Their feedback reflects a nuanced picture that reaches beyond “for” and “against” the bill.
Two thirds say that at least one of the proposed changes will impact their trust negatively.
Less than a third (29 per cent) say that any of the provisions will have a positive impact on their school improvement work as they stand, though a similar number believes that some of the provisions might have a positive effect with revisions.
1. Fully fund reforms – or things could get worse
A recurring concern among CEOs is that funding might not match up the bill’s ambition. A prime example is free breakfast clubs in primaries. Many CEOs support the principle, but stress it must be fully funded to succeed.
As one leader explains: “It needs to be fully funded to be affordable – based on current figures, it is not affordable for our trust.”
Reflecting on the bill as a whole, another warns: “We all want to do our very best for our children and families, but unless funding is fair, and covers the increased costs imposed by the government, the situation simply worsens.”

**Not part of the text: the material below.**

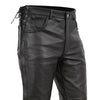Baron - Men's Leather Pants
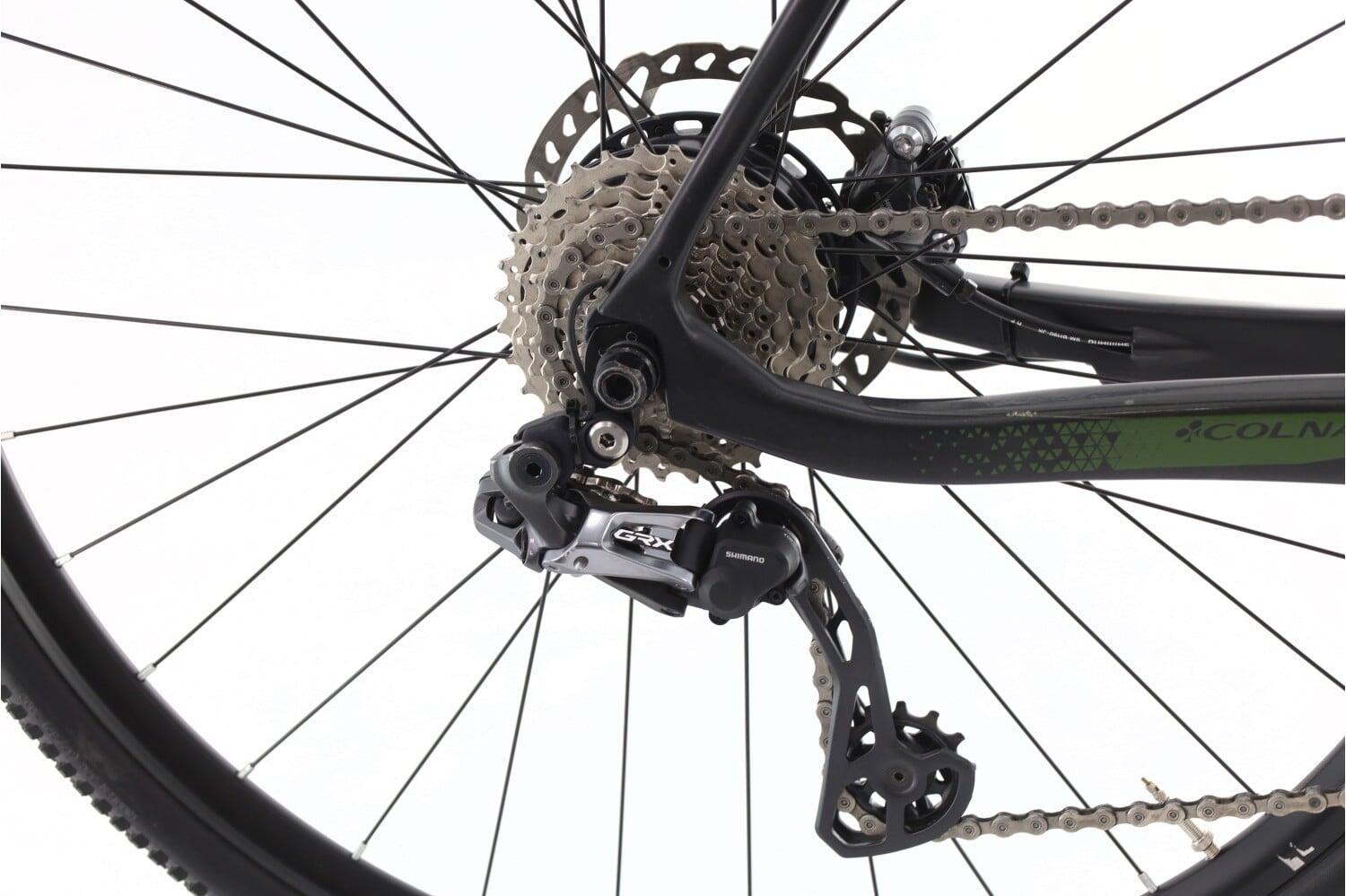 Refurbished Gravelbike · Colnago eGRV Di2 11V · Sehr guter Zustand 3/8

2. QTS change could block trusts ‘growing their own’ teachers
Proposals to require qualified teacher status are aligned with trust priorities in principle – high-quality teaching is every school’s goal.

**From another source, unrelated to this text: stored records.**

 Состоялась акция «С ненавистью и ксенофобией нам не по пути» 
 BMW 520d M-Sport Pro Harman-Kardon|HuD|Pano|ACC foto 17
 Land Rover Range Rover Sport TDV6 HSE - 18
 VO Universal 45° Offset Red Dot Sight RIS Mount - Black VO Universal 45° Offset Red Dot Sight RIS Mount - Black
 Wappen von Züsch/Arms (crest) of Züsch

But teacher recruitment and retention is under severe strain. Trusts’ efforts to “grow their own” teachers could be blocked by an inflexible need for QTS.

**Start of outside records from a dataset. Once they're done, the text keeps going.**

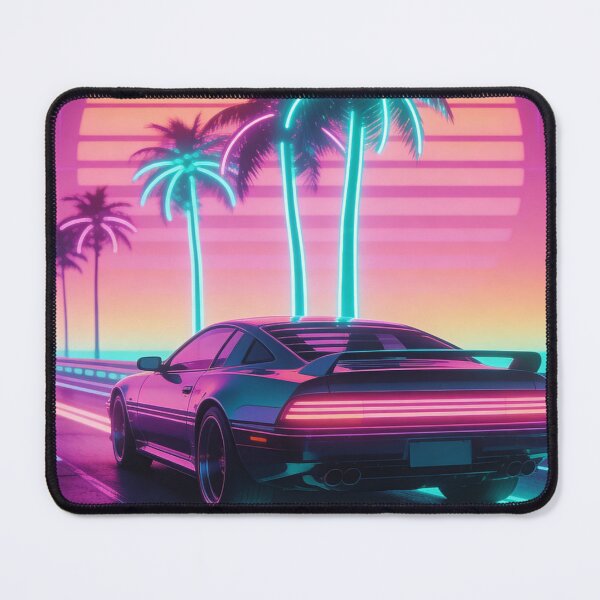 Item preview, Synthwave Neon Drive designed and sold by RetroSynthwaveDesigns.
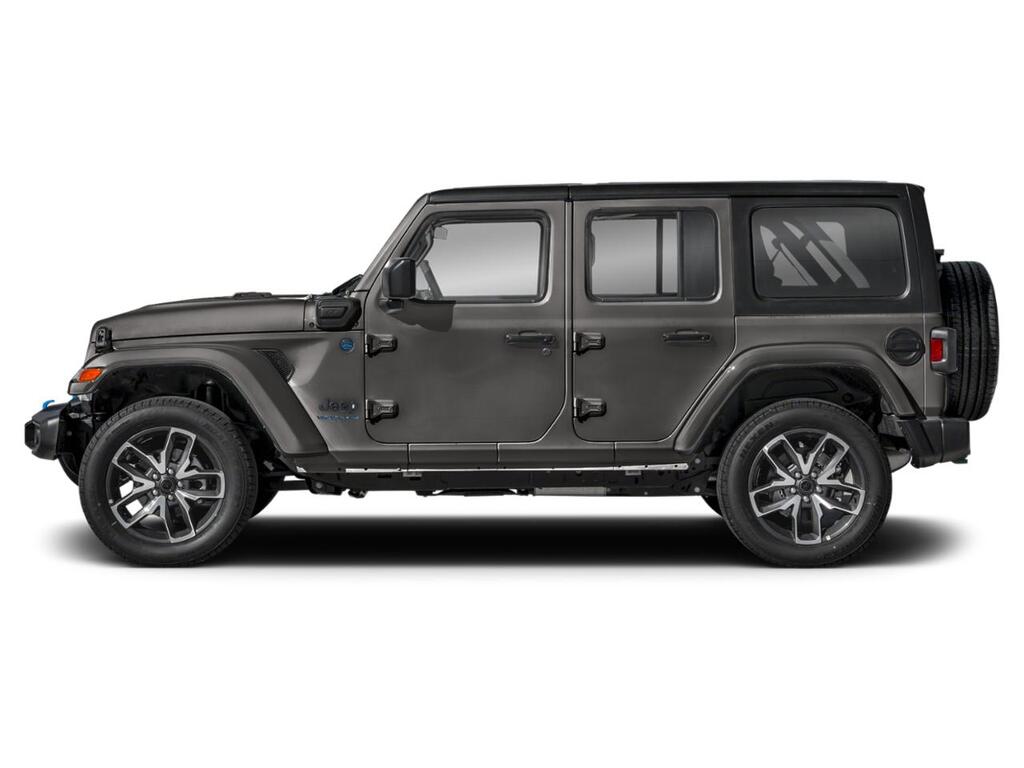 2025 Jeep Wrangler 4xe 4-Door Willys, Toronto, Cash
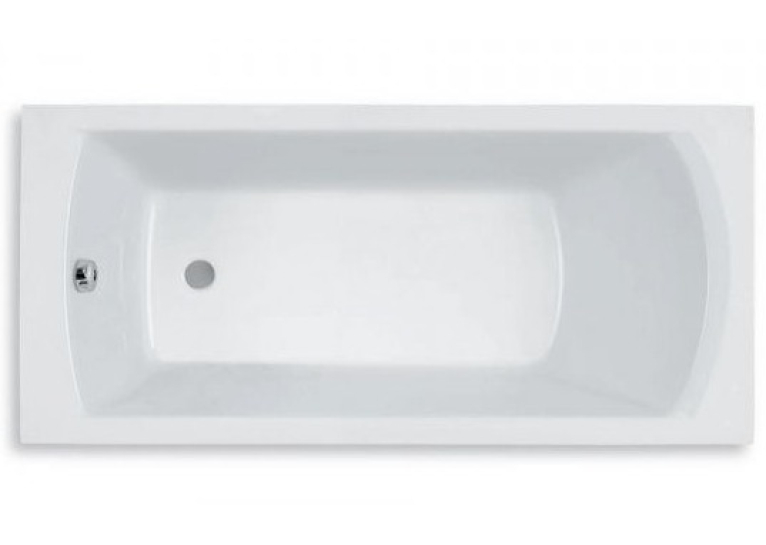 Акриловая Ванна прямоугольная Roca Linea 170х70 A24T034000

According to one CEO: “Some of our teachers start out as teaching assistants or other support roles and are developed and encouraged to become qualified teachers through having opportunities to teach prior to gaining their qualifications.”
In small and rural schools or subjects like music, design and technology, and MFL, leaders say they rely on specialists who do not yet hold QTS.
Ending flexible pathways risks worsening existing staff shortages.
3. Reforms could cause problems for SEND schools
The bill’s moves towards uniformity in curriculum, staff pay, and other areas have a logic that appeals to some CEOs, but many worry that the provisions will fail to accommodate the diversity of pupils’ needs.
One special trust CEO explains: “We need flexibility to be able to design the curriculum to meet the aspirational outcomes for our young people – for some this will be level 2 qualifications, for some it will be full-time employment, for others it will be to have greater autonomy over their lives and so less reliance on others.”
Another warns that: “Finding teachers who want to work in the SEND world is very challenging.
“We use qualified teachers where we can and have unqualified on teacher training courses, however, we would have difficulty filling all vacancies without unqualified teachers.”
4. Support for reform aims, but do they join up?
Many participants of the Policy Scan emphasise they support the bill’s aims, seeing considerable value in raising teacher standards, extending school provision and ensuring consistency in accountability.
Their overriding concern is that individual provisions appear disconnected from a longer-term strategy.
One CEO cautions: “All of these things are piecemeal and lack an overall strategy. As they are all bolted together, they lack coherency and are in danger of far out-stripping the capacity and resources required to properly implement.”
Others question the erosion of academy freedoms that have helped drive improvements in the sector
“The incremental legislation specifically on academies runs the risk of eroding a spirit of innovation, of stifling locally creative ways of addressing barriers and challenges,” one trust leader said.
5. Listen to trust leaders to get bill right
Their central plea is for policymakers to refine the bill so that it fits the lived realities on the ground and preserves the innovative potential of academies.
These trust leaders will be the ones turning policy into tangible practice. By collaborating with them, the government can shift the bill from well-intentioned legislation with risks of unintended circumstances to a true vehicle for improvement across all schools.